For me, the pull of so many priorities raises questions about whether Moonlighter 2 is trying to do too much. It feels afraid to leave you without some immediate goal for even a moment, and the mish-mash of genres can be clunky. The dungeon crawling of Hades, the gathering and selling of goods of Stardew Valley, some spatial puzzle elements like something out of Train Valley or Pipe Push Paradise; is it worth playing Moonlighter 2 over any of those? I’m not 100% convinced yet.

(Image credit: Digital Sun)

(Image credit: Digital Sun)

Still, Moonlighter 2’s loop is compulsive; returning from a successful dungeon run with a backpack full of relics and selling them for maximum profit feels as satisfying as checking everything off a long Costco shopping list. And the town of Tresna is full of charm and personality (though maybe not as well-realized as the hubs and characters in Hades). As separate as each of Moonlighter’s gameplay pillars stand, they do all work together to prop up a unique total package.

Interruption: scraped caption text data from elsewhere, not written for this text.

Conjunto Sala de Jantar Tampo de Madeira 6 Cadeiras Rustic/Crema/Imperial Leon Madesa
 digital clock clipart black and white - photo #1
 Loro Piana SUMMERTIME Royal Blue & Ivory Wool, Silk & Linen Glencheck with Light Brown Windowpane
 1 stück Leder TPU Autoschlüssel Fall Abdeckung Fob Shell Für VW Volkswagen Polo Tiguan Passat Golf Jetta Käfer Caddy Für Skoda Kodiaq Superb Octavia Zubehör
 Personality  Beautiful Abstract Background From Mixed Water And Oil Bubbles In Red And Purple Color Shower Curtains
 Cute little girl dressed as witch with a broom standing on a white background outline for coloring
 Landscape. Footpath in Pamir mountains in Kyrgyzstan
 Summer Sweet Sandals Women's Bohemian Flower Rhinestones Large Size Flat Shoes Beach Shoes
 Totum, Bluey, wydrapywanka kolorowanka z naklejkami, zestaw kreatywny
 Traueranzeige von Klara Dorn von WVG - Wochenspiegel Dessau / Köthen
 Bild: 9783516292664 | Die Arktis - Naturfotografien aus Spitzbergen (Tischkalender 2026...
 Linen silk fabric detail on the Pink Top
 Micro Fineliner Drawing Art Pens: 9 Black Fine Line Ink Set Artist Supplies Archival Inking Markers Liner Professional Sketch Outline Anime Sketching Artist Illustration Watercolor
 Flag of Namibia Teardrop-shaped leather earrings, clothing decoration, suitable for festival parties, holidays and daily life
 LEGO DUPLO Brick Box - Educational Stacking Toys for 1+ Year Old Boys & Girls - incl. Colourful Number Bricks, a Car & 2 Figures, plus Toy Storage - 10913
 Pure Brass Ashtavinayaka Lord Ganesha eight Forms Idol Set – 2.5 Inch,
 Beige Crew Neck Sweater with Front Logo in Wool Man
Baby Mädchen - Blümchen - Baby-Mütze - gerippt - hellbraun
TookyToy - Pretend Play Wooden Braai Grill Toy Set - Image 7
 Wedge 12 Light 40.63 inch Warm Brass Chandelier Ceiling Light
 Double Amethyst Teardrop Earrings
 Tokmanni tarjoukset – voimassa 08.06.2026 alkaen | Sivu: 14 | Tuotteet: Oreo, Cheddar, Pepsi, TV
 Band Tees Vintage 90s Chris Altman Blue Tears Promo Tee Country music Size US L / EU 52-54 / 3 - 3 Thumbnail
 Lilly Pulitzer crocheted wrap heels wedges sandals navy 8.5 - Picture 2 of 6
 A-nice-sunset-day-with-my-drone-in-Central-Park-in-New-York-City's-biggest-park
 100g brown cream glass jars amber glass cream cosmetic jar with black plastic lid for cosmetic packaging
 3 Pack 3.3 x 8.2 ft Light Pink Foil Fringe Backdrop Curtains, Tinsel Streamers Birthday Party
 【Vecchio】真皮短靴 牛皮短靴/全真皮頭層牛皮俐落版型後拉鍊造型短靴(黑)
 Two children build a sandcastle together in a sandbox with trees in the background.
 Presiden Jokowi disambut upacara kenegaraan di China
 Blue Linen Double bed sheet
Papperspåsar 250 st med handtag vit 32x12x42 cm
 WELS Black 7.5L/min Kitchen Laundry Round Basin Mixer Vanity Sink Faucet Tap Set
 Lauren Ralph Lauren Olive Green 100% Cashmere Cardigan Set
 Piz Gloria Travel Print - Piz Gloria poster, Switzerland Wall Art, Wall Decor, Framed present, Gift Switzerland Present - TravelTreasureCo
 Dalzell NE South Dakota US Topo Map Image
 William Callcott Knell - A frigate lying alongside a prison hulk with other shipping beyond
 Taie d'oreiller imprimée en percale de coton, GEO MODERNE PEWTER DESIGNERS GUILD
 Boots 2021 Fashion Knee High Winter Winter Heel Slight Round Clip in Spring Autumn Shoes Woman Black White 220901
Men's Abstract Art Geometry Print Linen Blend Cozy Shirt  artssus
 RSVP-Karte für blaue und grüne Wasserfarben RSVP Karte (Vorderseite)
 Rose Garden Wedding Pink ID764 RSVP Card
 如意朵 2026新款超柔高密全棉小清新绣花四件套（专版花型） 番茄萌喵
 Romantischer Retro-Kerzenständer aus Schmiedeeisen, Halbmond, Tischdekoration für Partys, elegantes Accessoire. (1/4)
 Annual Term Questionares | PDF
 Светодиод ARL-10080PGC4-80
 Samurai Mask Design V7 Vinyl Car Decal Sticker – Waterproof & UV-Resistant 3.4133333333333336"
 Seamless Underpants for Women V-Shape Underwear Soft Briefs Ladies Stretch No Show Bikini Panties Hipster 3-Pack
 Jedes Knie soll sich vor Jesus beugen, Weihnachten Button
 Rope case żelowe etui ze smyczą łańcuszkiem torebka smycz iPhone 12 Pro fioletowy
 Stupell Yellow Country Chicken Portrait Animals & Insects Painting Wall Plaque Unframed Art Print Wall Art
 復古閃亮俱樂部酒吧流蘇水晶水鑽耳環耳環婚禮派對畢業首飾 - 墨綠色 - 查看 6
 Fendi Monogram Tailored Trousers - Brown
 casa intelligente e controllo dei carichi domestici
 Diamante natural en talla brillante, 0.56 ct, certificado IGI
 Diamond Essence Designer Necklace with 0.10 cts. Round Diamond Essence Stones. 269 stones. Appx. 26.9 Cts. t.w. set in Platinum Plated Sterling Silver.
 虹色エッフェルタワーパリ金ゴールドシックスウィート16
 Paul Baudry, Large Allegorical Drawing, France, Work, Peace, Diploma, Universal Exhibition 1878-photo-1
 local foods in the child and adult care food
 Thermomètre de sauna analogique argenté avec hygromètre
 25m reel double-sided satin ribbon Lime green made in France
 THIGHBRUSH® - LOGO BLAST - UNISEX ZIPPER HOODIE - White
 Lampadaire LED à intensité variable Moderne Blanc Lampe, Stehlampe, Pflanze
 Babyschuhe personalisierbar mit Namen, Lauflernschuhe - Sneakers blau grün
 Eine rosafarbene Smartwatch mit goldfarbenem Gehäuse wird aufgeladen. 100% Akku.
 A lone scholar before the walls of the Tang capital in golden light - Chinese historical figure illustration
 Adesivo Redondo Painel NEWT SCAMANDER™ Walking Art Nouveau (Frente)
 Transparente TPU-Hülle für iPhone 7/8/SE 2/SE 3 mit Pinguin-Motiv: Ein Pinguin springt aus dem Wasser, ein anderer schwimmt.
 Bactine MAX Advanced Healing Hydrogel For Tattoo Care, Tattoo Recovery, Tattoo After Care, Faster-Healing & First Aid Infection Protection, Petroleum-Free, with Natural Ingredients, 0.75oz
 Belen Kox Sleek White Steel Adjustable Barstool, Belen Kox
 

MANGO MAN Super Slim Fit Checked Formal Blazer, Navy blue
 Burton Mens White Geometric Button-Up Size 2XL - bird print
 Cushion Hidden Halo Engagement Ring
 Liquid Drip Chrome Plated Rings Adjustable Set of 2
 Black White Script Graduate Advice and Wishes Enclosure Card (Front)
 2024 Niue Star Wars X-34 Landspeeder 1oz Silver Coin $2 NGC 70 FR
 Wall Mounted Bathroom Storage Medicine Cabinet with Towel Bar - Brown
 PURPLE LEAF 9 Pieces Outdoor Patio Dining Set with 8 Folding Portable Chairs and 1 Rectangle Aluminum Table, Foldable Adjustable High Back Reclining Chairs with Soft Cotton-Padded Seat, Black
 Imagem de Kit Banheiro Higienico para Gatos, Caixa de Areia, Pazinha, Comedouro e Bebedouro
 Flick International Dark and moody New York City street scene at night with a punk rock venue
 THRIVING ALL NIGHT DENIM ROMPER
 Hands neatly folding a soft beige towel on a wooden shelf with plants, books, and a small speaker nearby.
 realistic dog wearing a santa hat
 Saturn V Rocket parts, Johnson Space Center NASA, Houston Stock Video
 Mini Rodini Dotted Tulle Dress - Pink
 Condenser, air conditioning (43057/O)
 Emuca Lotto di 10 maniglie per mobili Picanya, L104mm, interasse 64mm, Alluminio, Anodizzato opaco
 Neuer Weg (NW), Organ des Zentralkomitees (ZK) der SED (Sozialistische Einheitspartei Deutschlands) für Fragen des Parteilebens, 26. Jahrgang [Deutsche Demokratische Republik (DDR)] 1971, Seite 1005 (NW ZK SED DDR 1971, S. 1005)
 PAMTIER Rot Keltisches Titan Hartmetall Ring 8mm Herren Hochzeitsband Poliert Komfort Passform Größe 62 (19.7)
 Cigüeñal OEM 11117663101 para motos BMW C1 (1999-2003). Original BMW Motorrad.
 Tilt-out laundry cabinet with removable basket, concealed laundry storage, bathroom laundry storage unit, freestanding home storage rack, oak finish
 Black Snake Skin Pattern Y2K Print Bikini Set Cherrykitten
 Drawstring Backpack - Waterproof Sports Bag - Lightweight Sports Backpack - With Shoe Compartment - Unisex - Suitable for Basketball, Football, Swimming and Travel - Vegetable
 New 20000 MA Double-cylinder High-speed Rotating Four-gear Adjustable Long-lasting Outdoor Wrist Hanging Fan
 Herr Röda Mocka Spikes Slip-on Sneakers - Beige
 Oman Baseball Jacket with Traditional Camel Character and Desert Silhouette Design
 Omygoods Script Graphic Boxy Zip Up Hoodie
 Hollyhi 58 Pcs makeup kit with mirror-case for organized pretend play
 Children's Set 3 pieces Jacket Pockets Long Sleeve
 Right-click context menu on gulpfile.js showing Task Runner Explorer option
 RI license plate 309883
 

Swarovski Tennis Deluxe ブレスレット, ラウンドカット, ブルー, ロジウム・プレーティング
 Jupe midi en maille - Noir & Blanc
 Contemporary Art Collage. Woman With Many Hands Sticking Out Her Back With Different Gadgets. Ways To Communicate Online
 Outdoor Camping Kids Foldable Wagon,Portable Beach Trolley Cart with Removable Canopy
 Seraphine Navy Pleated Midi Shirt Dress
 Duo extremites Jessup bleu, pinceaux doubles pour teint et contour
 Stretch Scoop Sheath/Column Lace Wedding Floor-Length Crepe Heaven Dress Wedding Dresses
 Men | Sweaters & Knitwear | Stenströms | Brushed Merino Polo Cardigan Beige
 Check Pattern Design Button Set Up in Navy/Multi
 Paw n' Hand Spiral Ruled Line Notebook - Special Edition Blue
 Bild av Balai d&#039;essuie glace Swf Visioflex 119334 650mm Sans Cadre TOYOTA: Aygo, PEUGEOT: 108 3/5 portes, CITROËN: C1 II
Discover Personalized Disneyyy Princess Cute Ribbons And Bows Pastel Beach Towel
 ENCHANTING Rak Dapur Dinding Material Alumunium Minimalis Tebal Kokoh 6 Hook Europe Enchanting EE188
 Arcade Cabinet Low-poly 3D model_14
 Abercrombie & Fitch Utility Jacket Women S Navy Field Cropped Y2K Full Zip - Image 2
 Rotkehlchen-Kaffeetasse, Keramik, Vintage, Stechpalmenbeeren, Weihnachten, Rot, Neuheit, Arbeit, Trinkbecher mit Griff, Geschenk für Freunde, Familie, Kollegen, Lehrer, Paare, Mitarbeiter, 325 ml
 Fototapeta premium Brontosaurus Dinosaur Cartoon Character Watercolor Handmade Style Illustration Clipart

Whether that package is worth opening up remains a long-term question. The answer largely depends on how Digital Sun handles this early access period, and what kind of feedback it gets from players. Right now, if I wanted a fast-paced dungeon crawler with tight combat and fun characters, I’d rather go play Hades. And if I wanted an immersive shopkeeper sim, I’d probably just boot up the classic Recettear: An Item Shop’s Tale. Moonlighter’s biggest challenge is combining elements from other games into something that doesn’t feel pared down. But right now, in aping so many other genres, it feels like it’s spreading itself thin.

I suppose that’s what early access is for, though. The vision is there, and the way it's all put together is novel, so I’m pulling for Will. It just feels like Moonlighter 2 needs a bit more time in the oven.